3) Знак в виде звуков, букв порождается субъектом, но соотносится с другими знаками, с объектами действительности. Эта система отношений носит не природный, а социальный, общественный характер, т.е. она объективна, ибо эти отношения существуют не только в индивидуальных сознаниях людей, но и в самой общественной деятельности;

4) Языковой знак носит условный характер и не связан ни с человеком, ни с объектами необходимой связью, а только условной, на основе общественного договора;

5) Знак записан в сознании не как нечто видимое и слышимое, а лишь в виде идеальных образов этих материальных вещей;

6) Отражаемый объект, как и сам знак, для человека существует не как реальный, чувственно воспринимаемый объект, а как идеальный, логический образ этого объекта;

7) Мысль, как свойство высоко организованной материи, как функция мозга, не может существовать вне головы человека, где материальную основу мысли составляют нейродинамические процессы, протекающие в структурах мозга.

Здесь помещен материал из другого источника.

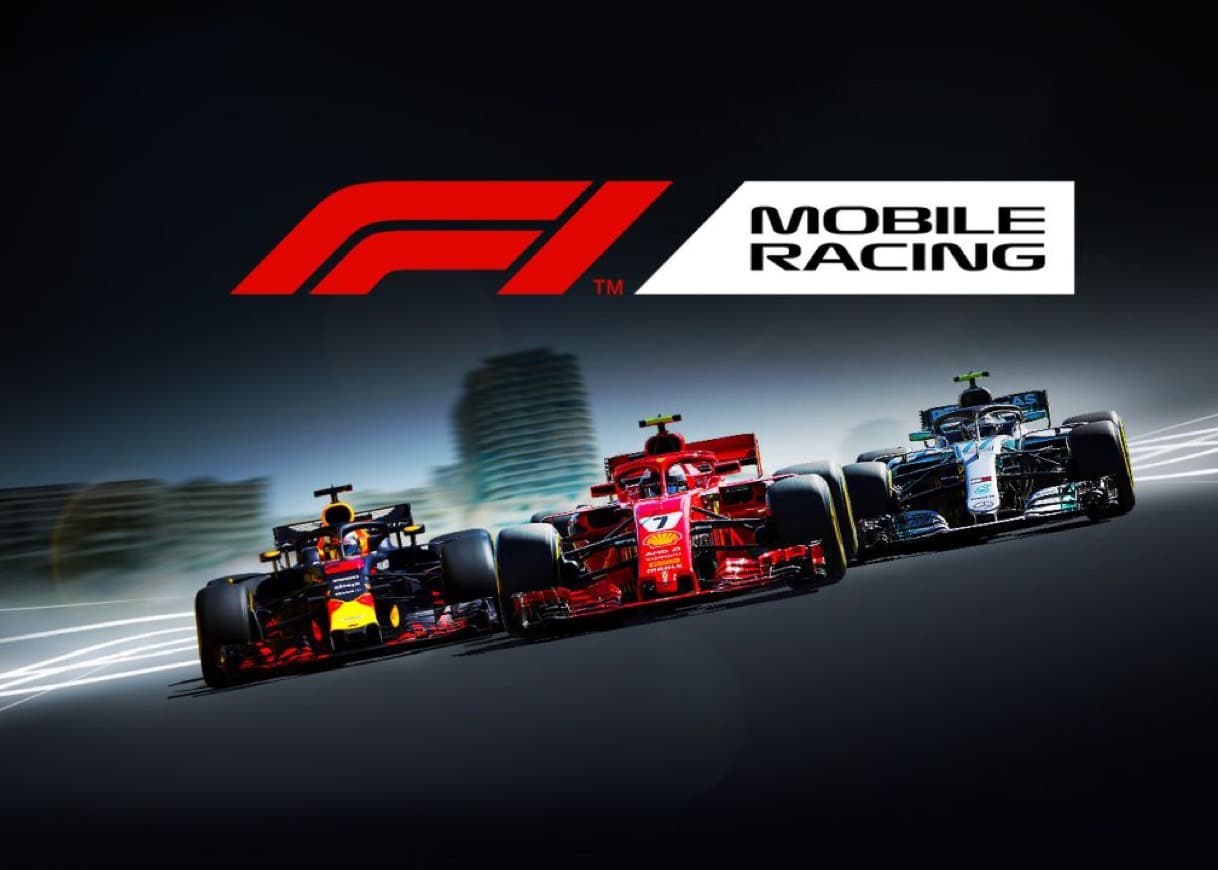 Videogames ‎F1 Mobile Racing 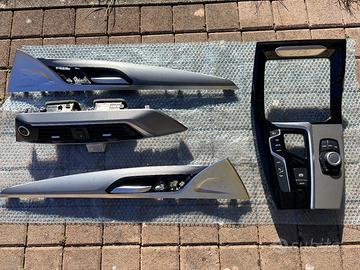 BMW X3 X4 G01 G02 modanature interne Carbonio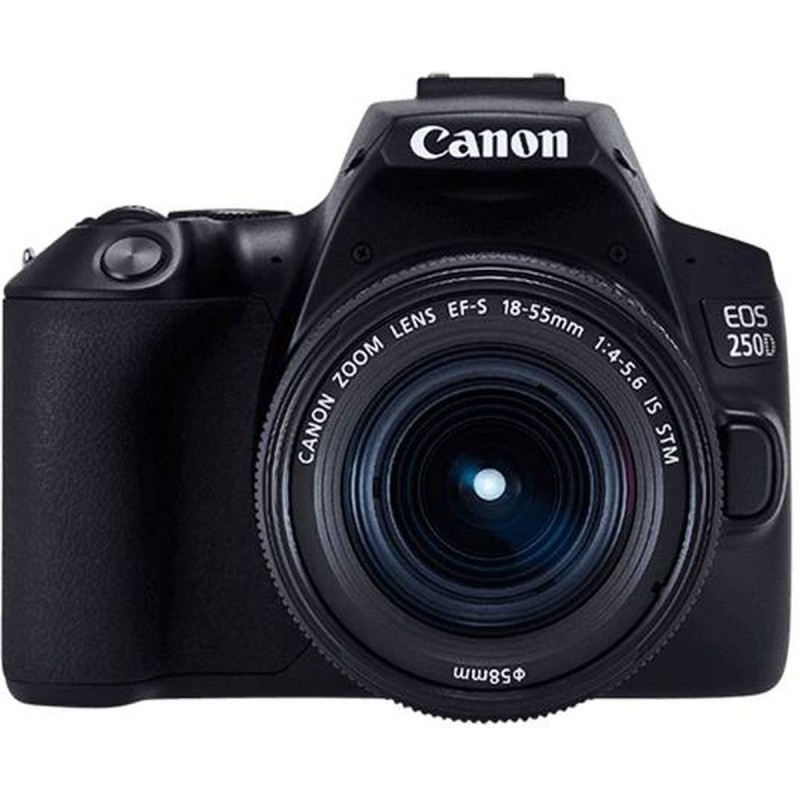 Canon EOS 250D + 18-55mm f/4.0-5.6 IS STM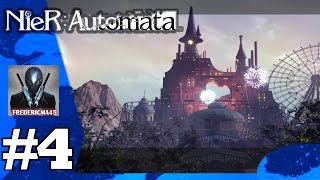 NieR Automata Chapitre 2  Recherche YoRHa  Parc dAttraction  Walkthrough 4 [upl. by Eirotal76]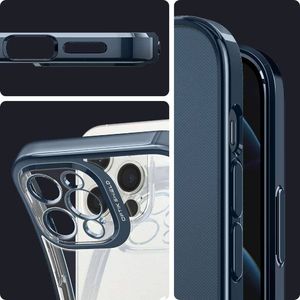 Crong SPIGEN OPTIK CRYSTAL IPHONE 12 PRO CHROME PACIFIC 5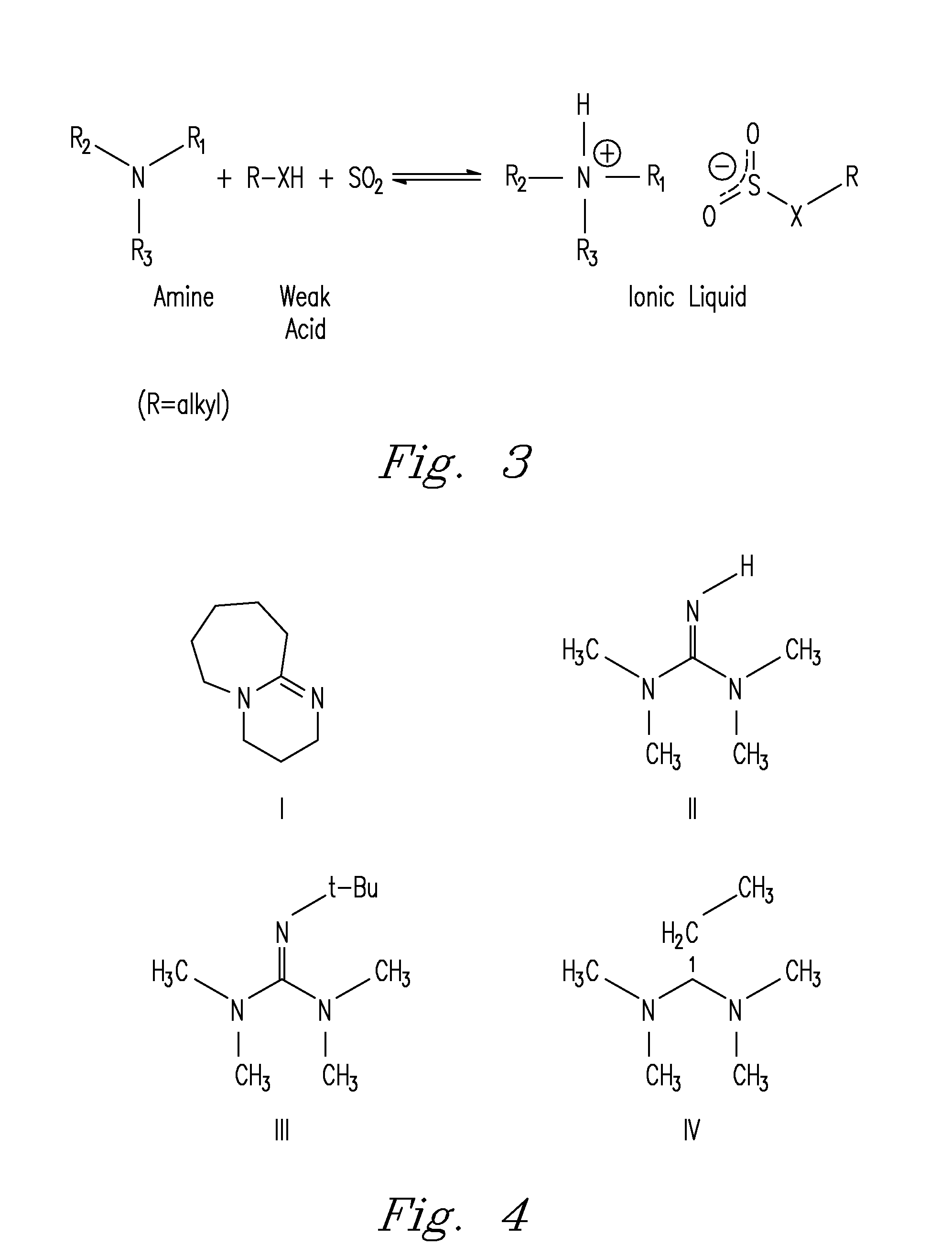 Capture and Release of Mixed Acid Gasses With Binding Organic Liquids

III. Свойства языкового знака

1) Сущность знака – замещение другого предмета

Основная функция знака заключается в том, что он представляет, замещает нечто, находящееся вне этого знака и той знаковой системы, к которой он принадлежит. Функция знака – представлять, замещать другой предмет, он есть знак чего-то. Возможность обобщённого мышления обеспечивается материей знаков, которая есть посредник между познающим субъектом и познаваемым объектом. Отсюда следует, что процесс мышления носит независимый, самостоятельный характер относительно внешней среды. Наряду с материальной действительностью, независимой от человека, существует материальный мир знаков, зависимый от человека, но независимый от того, какой объект называется тем или иным знаком. Но материя всех национальных языковых знаков представлена в головах людей только в идеальной форме этих знаков – в виде фонем (графем), которые условно связаны ассоциативной связью с понятиями о реальных предметах. Эти две абстрактные логические формы в виде фонем или графем и понятий и есть своеобразное отражение, обозначение и представление материальной внешней действительности, находящейся в сознании человека в виде её идеального двойника. Кроме материи мира есть материальные знаки, они тоже материя мира, но преобразованная в мозгу в идеальную действительность как мой второй мир.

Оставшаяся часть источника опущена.